• [Aim of the task]:
Would you reproduce, without any alteration, the lines from the opening line of the entries through the line that has "18 - Large tub" in it?

• [Data]:
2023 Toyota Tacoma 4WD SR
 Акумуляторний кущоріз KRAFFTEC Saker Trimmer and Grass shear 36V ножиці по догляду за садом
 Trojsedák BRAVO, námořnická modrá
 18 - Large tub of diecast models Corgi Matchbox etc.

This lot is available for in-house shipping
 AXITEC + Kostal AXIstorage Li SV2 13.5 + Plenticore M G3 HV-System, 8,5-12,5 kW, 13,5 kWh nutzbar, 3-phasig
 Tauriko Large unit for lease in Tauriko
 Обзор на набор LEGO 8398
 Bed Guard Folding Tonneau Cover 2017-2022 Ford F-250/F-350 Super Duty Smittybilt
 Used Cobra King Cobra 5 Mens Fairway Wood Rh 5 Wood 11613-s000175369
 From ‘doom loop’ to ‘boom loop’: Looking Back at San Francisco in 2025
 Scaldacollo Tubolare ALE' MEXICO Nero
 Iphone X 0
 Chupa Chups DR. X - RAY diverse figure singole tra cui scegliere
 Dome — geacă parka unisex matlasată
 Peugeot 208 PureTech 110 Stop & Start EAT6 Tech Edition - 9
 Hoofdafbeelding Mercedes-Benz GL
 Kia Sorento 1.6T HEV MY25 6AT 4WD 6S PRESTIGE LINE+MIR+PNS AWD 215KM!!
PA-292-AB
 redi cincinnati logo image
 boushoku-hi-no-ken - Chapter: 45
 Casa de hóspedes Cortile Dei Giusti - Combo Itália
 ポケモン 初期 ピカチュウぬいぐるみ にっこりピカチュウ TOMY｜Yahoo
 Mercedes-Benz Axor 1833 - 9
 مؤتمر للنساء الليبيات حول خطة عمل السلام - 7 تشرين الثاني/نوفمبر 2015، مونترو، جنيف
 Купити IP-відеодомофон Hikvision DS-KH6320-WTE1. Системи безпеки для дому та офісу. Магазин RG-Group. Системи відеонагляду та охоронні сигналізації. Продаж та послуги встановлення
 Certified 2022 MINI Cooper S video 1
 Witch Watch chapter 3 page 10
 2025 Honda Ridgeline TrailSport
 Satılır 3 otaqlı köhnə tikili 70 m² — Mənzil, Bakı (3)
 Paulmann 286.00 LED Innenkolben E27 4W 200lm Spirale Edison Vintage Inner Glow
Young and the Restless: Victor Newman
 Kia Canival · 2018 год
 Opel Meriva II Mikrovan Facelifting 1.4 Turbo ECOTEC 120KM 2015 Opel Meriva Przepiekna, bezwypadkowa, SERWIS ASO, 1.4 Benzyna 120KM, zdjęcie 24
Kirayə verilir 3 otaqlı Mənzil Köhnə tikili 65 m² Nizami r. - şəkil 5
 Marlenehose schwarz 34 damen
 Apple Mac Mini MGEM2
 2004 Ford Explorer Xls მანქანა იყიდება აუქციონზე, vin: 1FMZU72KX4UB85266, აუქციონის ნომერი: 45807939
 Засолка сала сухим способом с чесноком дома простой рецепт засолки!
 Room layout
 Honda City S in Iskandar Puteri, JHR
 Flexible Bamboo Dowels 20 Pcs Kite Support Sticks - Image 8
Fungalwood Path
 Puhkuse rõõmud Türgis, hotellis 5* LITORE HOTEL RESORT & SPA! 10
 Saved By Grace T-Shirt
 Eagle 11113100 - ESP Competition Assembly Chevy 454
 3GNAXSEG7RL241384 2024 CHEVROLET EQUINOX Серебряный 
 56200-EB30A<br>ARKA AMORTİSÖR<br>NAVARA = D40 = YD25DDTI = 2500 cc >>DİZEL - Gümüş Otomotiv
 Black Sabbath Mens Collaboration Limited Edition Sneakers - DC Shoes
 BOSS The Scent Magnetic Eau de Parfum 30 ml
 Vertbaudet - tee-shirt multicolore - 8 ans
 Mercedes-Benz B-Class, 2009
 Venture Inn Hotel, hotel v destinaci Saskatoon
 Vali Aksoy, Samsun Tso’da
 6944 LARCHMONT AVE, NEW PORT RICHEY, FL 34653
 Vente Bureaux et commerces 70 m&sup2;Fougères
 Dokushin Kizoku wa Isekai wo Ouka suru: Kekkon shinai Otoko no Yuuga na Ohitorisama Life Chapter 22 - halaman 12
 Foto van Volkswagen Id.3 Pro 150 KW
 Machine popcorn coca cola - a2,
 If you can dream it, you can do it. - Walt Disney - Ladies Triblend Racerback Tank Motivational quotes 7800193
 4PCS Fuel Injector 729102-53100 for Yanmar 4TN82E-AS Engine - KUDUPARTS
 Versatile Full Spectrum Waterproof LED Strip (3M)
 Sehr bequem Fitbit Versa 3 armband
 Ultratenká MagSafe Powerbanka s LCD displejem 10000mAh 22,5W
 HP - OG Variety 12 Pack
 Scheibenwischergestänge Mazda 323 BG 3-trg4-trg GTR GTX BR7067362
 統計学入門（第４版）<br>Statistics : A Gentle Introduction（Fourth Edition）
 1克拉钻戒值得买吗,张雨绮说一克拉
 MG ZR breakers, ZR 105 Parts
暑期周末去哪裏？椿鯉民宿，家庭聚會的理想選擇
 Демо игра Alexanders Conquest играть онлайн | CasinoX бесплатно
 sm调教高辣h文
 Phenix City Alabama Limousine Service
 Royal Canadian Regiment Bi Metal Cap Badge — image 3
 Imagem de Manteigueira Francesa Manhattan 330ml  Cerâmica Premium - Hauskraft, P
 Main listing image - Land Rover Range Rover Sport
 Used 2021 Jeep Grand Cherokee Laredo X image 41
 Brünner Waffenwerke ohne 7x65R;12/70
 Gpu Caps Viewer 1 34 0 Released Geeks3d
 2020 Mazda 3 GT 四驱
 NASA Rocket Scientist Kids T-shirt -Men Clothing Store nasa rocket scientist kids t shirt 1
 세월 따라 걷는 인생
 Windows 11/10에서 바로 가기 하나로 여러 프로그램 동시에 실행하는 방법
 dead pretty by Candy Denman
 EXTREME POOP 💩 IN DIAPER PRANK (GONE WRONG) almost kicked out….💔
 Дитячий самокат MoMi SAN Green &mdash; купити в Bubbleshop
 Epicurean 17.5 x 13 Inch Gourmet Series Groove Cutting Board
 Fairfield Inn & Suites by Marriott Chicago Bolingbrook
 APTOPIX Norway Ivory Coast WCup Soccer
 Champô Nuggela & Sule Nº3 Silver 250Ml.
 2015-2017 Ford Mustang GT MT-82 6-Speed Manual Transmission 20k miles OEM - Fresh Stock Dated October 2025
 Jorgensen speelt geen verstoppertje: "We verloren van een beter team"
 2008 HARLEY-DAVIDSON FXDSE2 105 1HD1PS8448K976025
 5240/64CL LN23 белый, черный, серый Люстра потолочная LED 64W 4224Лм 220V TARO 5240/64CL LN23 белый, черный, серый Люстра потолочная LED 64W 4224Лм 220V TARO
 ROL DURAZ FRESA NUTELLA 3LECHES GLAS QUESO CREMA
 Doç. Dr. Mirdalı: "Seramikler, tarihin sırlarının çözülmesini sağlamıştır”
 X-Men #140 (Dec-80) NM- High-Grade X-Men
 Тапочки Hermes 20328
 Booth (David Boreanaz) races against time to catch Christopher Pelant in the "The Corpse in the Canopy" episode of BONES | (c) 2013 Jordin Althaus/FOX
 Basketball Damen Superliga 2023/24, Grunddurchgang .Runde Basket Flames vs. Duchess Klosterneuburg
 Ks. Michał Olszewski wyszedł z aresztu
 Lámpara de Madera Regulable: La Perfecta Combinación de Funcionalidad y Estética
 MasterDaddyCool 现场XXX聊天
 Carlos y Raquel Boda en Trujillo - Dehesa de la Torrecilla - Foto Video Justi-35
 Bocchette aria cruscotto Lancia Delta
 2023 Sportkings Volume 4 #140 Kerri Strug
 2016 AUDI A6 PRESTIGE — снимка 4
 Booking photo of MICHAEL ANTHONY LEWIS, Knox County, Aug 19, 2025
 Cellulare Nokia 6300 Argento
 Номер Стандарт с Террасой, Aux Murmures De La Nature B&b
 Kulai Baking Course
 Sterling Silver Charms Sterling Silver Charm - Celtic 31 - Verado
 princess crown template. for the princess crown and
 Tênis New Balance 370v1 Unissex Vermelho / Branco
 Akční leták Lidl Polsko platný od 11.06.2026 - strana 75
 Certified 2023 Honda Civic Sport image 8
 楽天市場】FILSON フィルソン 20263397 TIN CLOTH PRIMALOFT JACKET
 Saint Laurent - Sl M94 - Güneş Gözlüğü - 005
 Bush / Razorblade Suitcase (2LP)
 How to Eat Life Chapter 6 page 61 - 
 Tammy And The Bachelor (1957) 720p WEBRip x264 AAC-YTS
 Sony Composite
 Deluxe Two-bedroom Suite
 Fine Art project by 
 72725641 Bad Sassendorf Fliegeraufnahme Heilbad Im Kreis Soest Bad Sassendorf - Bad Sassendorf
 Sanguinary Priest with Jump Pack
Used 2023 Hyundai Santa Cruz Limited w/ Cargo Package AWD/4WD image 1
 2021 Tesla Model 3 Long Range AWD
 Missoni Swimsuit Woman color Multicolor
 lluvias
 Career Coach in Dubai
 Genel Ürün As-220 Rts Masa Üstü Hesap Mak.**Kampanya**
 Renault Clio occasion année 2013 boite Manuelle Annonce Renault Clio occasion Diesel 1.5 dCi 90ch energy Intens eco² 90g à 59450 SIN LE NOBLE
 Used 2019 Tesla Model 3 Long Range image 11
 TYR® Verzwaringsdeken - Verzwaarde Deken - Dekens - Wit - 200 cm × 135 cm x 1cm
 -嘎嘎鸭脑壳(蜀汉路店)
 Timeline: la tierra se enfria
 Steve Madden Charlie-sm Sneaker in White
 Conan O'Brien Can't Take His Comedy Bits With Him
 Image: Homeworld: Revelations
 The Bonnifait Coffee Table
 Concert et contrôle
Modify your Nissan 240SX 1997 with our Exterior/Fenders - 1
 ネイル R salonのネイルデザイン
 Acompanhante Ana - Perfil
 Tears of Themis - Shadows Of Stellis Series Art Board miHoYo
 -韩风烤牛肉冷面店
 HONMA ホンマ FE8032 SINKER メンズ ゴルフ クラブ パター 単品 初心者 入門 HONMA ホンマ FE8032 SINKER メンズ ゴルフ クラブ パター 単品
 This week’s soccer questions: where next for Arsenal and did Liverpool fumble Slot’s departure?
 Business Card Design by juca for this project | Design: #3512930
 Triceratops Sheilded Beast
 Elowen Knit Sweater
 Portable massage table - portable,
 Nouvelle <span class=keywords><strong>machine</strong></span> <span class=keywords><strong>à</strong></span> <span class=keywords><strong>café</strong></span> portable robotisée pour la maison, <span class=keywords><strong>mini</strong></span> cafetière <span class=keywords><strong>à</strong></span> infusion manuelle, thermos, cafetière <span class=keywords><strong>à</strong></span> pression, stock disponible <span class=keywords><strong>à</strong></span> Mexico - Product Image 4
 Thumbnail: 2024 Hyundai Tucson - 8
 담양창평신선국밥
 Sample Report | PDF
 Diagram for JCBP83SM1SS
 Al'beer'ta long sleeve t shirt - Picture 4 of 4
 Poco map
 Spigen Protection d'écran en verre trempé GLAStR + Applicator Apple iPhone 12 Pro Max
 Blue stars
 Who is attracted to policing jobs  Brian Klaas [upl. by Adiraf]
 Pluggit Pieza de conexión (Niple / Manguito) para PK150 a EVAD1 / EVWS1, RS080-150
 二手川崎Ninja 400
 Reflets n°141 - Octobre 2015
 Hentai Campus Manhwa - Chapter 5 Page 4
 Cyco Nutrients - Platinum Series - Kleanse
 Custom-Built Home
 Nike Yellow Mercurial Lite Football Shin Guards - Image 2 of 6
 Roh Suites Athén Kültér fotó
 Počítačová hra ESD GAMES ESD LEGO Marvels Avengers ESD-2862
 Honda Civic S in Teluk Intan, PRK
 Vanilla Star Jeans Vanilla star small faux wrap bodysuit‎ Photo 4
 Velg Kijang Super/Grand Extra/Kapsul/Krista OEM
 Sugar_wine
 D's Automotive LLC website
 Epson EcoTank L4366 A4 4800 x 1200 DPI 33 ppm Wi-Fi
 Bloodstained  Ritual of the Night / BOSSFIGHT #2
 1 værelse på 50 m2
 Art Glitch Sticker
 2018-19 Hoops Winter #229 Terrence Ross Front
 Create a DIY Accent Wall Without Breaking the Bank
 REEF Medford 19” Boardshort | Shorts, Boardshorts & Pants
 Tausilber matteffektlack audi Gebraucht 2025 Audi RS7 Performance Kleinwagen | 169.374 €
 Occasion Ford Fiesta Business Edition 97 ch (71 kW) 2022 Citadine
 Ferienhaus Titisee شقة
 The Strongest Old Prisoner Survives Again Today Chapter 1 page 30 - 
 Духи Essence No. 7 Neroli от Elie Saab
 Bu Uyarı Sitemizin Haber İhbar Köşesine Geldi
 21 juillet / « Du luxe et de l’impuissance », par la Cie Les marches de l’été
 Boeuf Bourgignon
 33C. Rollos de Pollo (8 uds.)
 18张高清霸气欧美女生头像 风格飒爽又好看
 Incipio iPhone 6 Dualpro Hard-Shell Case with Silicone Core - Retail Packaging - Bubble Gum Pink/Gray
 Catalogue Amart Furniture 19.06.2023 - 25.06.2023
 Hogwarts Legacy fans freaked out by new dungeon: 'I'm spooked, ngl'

• [Exercise result]:
2023 Toyota Tacoma 4WD SR
 Акумуляторний кущоріз KRAFFTEC Saker Trimmer and Grass shear 36V ножиці по догляду за садом
 Trojsedák BRAVO, námořnická modrá
 18 - Large tub of diecast models Corgi Matchbox etc.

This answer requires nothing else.